IGI is committed to conducting targeted clinical trials to expedite development timelines in the relapsed/refractory setting following currently approved T-cell directed therapies by prioritizing mechanisms that target resistant myeloma populations and leveraging our scientific expertise.
IGI’s strategy includes building partnerships, securing regulatory support, and scaling manufacturing capabilities to meet anticipated demand as our products advance toward approval and commercialization.
By bringing together Ichnos Sciences Inc., with its extensive proficiencies in biologics, and the small molecule expertise and resources provided by Glenmark Pharmaceuticals Ltd., IGI has created a cutting-edge, clinical-stage pipeline in oncology. The company focuses on both liquid and solid tumors, advancing both next generation multispecifics that can engage multiple targets on the cell surface and small molecules modulating intracellular pathways in cancer or immune cells.
IGI’s three global centers of scientific innovation (USA, Switzerland, and India) synergize the expertise of more than 150 scientists across Ichnos’ biologics expertise and the small molecule resources of Glenmark.
Biologics research is in Switzerland, and small molecules research labs in Mumbai, with a focus on clinical development in the NYC headquarters. This approach will allow IGI to stay competitive in the rapidly expanding market and provide multiple myeloma patients with effective, next-generation treatment options.
What are the most significant challenges IGI faces in bringing novel treatments to market, and how does the company plan to address these while seizing new opportunities in precision oncology?

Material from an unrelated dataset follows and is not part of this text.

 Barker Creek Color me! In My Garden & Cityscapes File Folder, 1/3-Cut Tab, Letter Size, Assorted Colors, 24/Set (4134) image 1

With IGI’s Protein Engineering, Research, and Process Development teams, the BEAT platform offers a competitive edge as a fully integrated end-to-end biotherapeutic engine. It enables IGI to deliver new IND-ready multispecific antibodies within three years from discovery, both for the company and in-licensing partners.
However, IGI faces several significant challenges in bringing innovative treatments like ISB 2001 to market, including clinical development complexities, competitive pressures, and regulatory hurdles. To address these challenges, IGI is pursuing a multi-faceted approach:
IGI is conducting carefully designed trials focused on high-risk and refractory patients. Conducting clinical trials in India provides IGI with the opportunity to reach a population that is less heavily pretreated while bringing innovative therapies to patients in emerging markets. This approach also allows IGI to leverage Glenmark’s established presence, achieving cost efficiencies in trial operations.
IGI is closely collaborating with regulatory authorities to proactively address safety and efficacy requirements. Ongoing data collection allows for adaptive trial protocols as needed. Additionally, IGI plans to engage with health authorities worldwide, leveraging available designations as data allows.
To harness opportunities in precision oncology, IGI is implementing extensive biomarker strategies in clinical trials to gain insights into in vivo mechanisms of efficacy and safety, with the goal of improving treatment precision and patient outcomes.
IGI is actively pursuing partnerships to enhance research capabilities, scale manufacturing, and expedite registration pathways. Collaborations with pharmaceutical companies help IGI broaden its expertise, expand its pipeline, and improve patient access to novel therapies. Specifically, for ISB 2001, IGI is seeking licensing partners to further extend the reach of this promising treatment.
Through these strategies, IGI is positioned to overcome challenges and seize new opportunities in bringing ISB 2001 to market, ensuring that innovative treatments reach patients in need while maintaining a competitive edge.